Grosse aspettative per la Yamaha Team Italia nel quinto round del Mondiale Supersport. Gianluca Vizziello e Massimo Roccoli arrivano a Silverstone con il morale alle stelle dopo la brillantissima prestazione nel CIV al Mugello. Lo scorso week end Vizziello ha realizzato il nuovo primato ufficioso in qualifica mentre Roccoli ha portato a casa la vittoria battendo all’ultimo giro l’insidioso compagno di squadra. I due ragazzi della formazione satellite di Yamaha Motor Italia appoggiata dalla Federazione Motociclistica Italiana stanno dominando la serie nazionale e sono sempre più vicini al vertice anche nel Mondiale: nel precedente round di Monza Vizziello, 26enne di Policoro (Matera) è stato secondo in qualifica mentre Roccoli ha fatto quarto in gara. La Yamaha YZF-R6, novità tecnica della Supersport Mondiale 2006, sta crescendo grazie agli sforzi compiuti dal preparatore Vanni Lorenzini. Nel Mondiale Roccoli è sesto con 36 punti, Vizziello undicesimo con 17. Comanda Charpentier (Honda) a quota 91.
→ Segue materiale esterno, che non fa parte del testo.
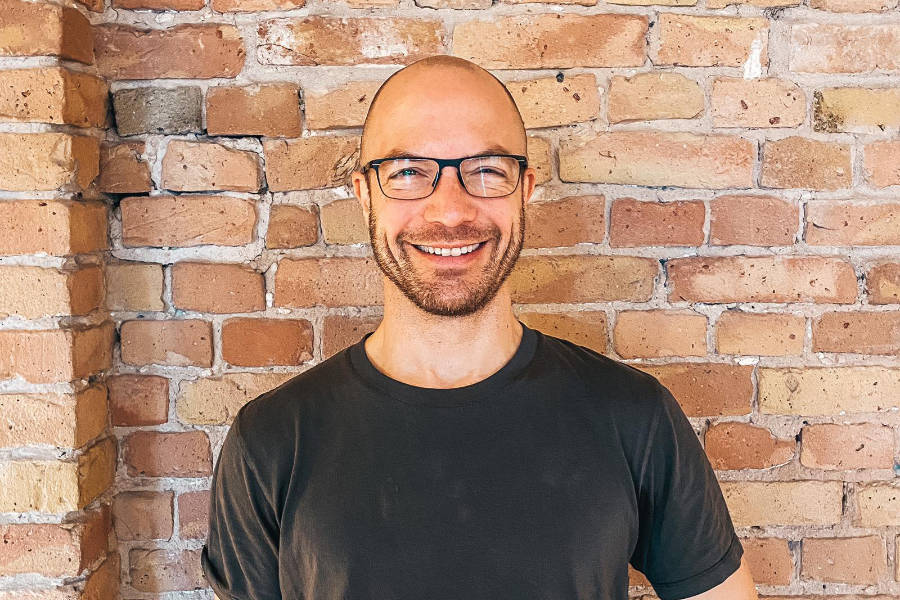 Portrait von Yogalehrer Nando Eiden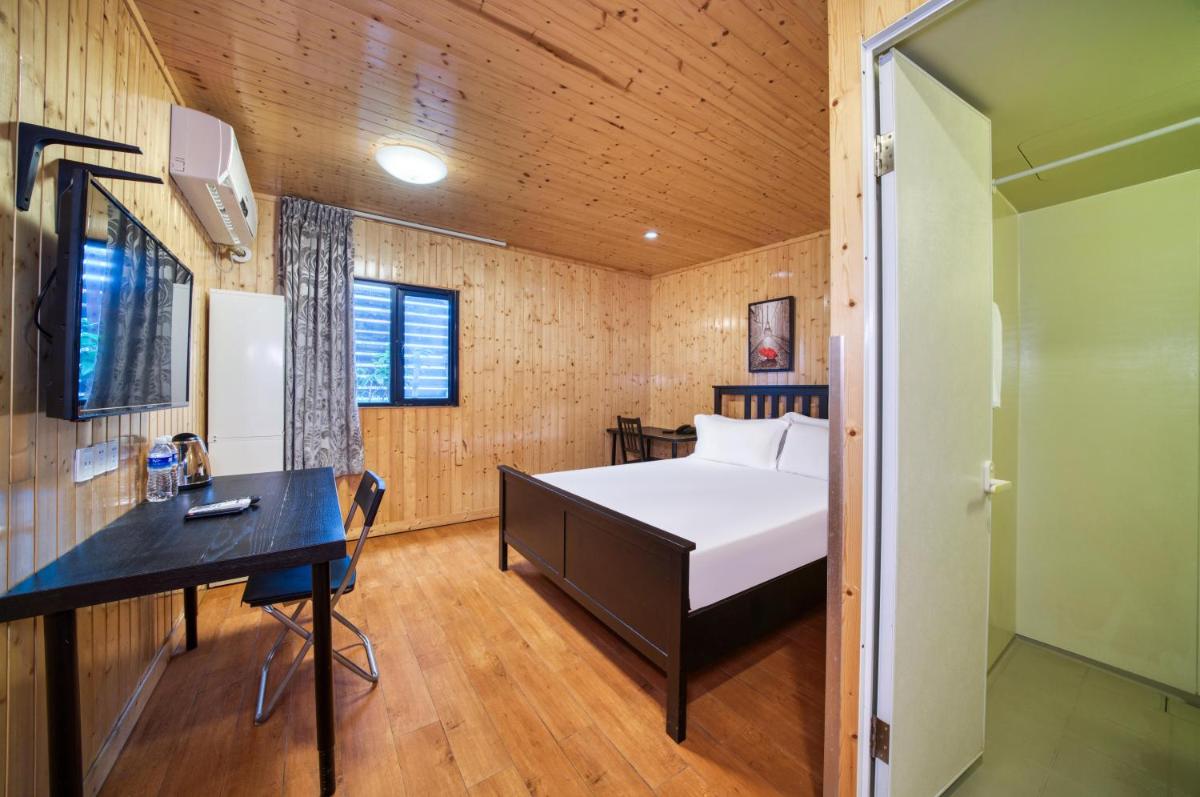 Men Tang Hotel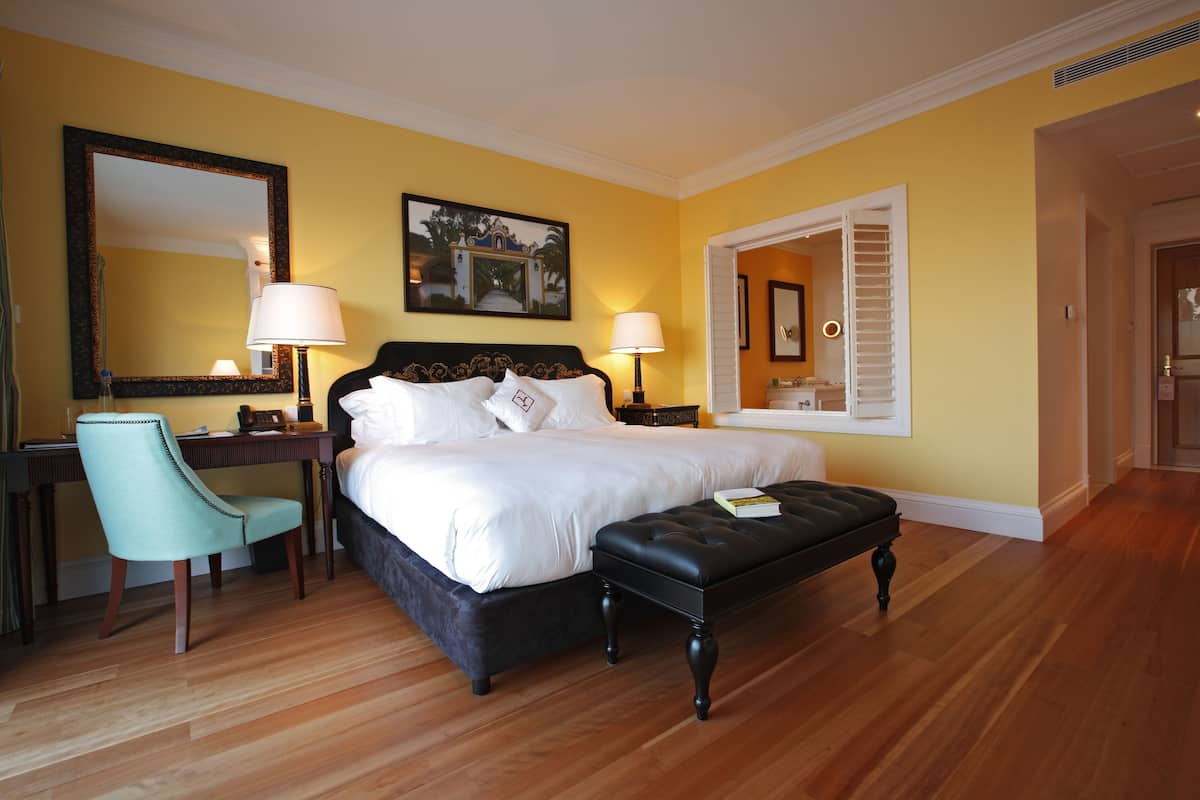 1 bedroom, Egyptian cotton sheets, premium bedding, down duvets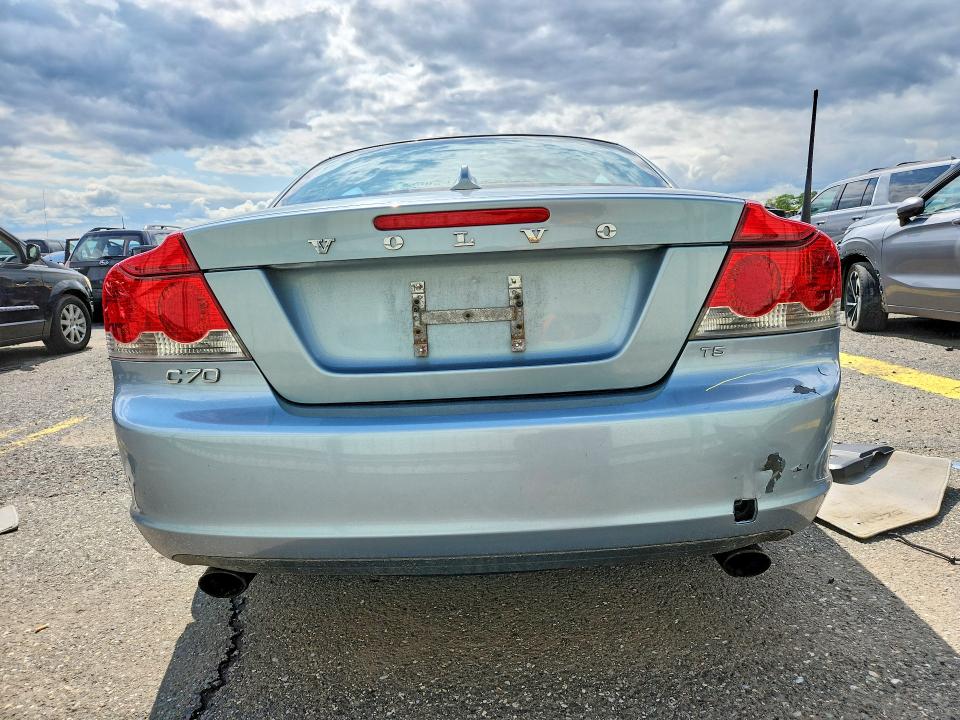 2010 Volvo C70 VIN YV1672MC3AJ091762 COPART salvage auction — FRONT END, PA - CERTIFICATE OF SALVAGE, sold $175 on 2026-08-11 (photo 6)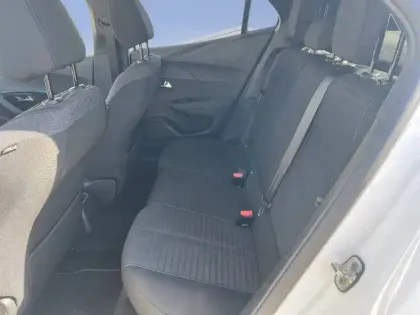 Photo 31 Peugeot 2008  PureTech 130 S&S BVM6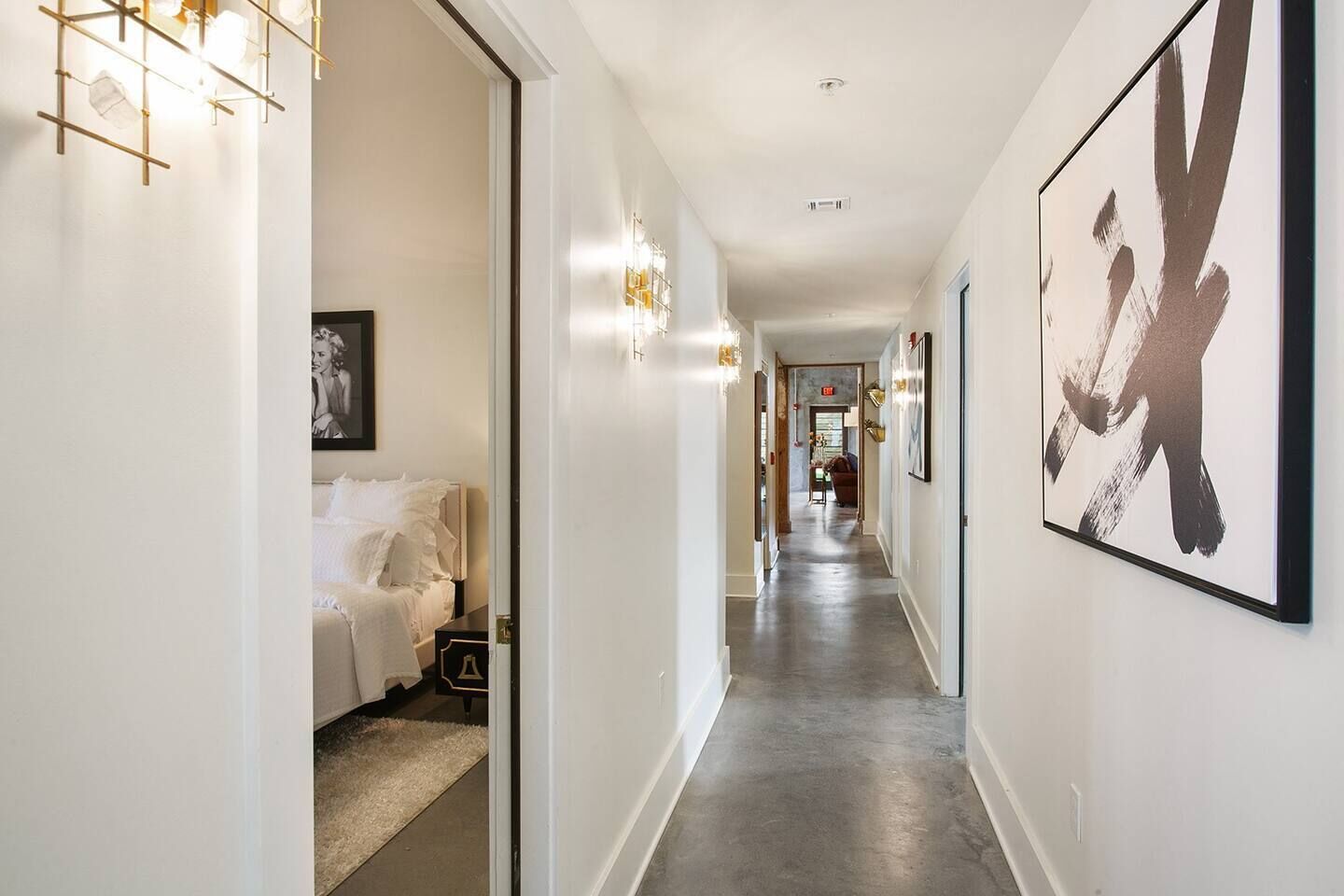 9 多间卧室、记忆海绵床垫、办公桌、熨斗/熨衣板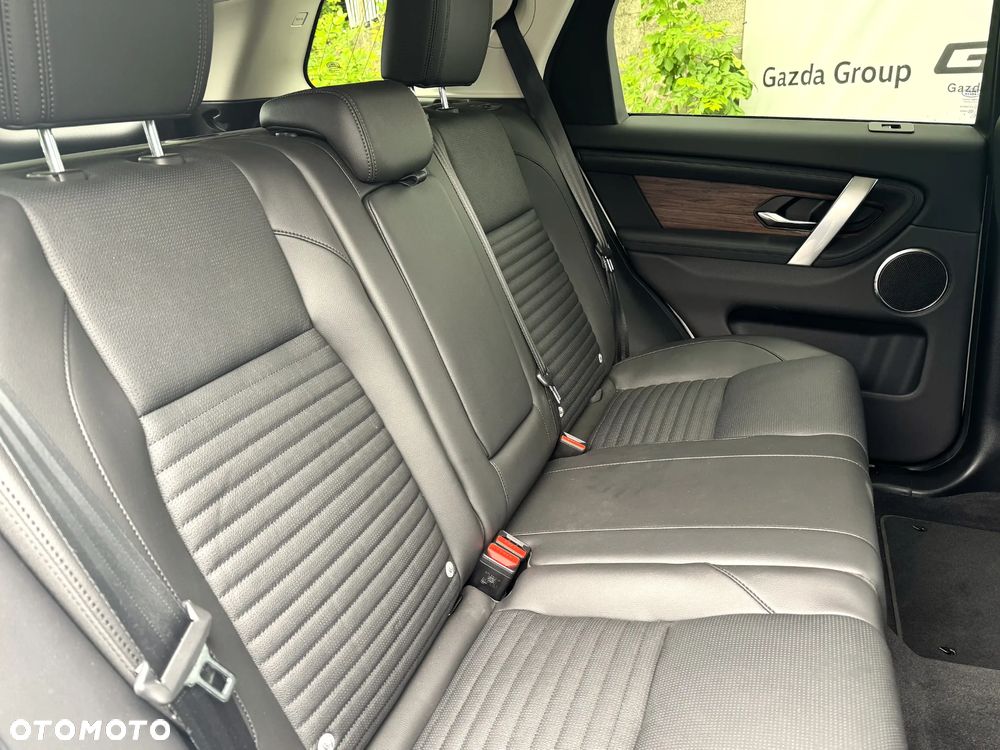Land Rover Discovery Sport D200 - 16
IL LAVORO PREMIA “Le prime gare del Mondiale sono state dure perché la moto era nuova e non avevamo riferimenti per la messa a punto, inoltre la YZF-R6 è una quattro cilindri molto sofisticata sulla quale bisogna svolgere un lavoro particolare” spiega il tecnico Vanni Lorenzini. “Abbiamo lavorato per mesi senza un attimo di sosta ma il picco dell’attività è stato nelle ultime tre settimane: siamo entrati ed usciti di continuo dalla sala prova collaudando moltissimi nuovi componenti che ci stanno dando le prime soddisfazioni. Al Mugello siamo andati molto forte e adesso siamo curiosi di vedere cosa accadrà a Silverstone. Arriviamo con la consapevolezza di disporre di un potenziale notevole.”
CORTI ATTACCA Spagna e Italia non hanno sorriso a Claudio Corti, 18enne talento della Yamaha Team Italia impegnato nella Coppa del Mondo Superstock 1000 under 24. Il pilota comasco, ottavo e decimo nei due round d’apertura, è nono in classifica con 14 punti, 36 in meno del leader Alex Polita (Suzuki). “Ma la stagione è appena cominciata e il distacco non mi preoccupa” dice sicuro Corti “perché il potenziale della mia YZF-R1 è molto più alto di quanto non dicano i risultati ottenuti finora. In realtà siamo sempre stati tra i più veloci ma la fortuna ci ha voltato le spalle. Il mio campionato comincia a Silverstone, lì andrò all’attacco per cominciare la rimonta.”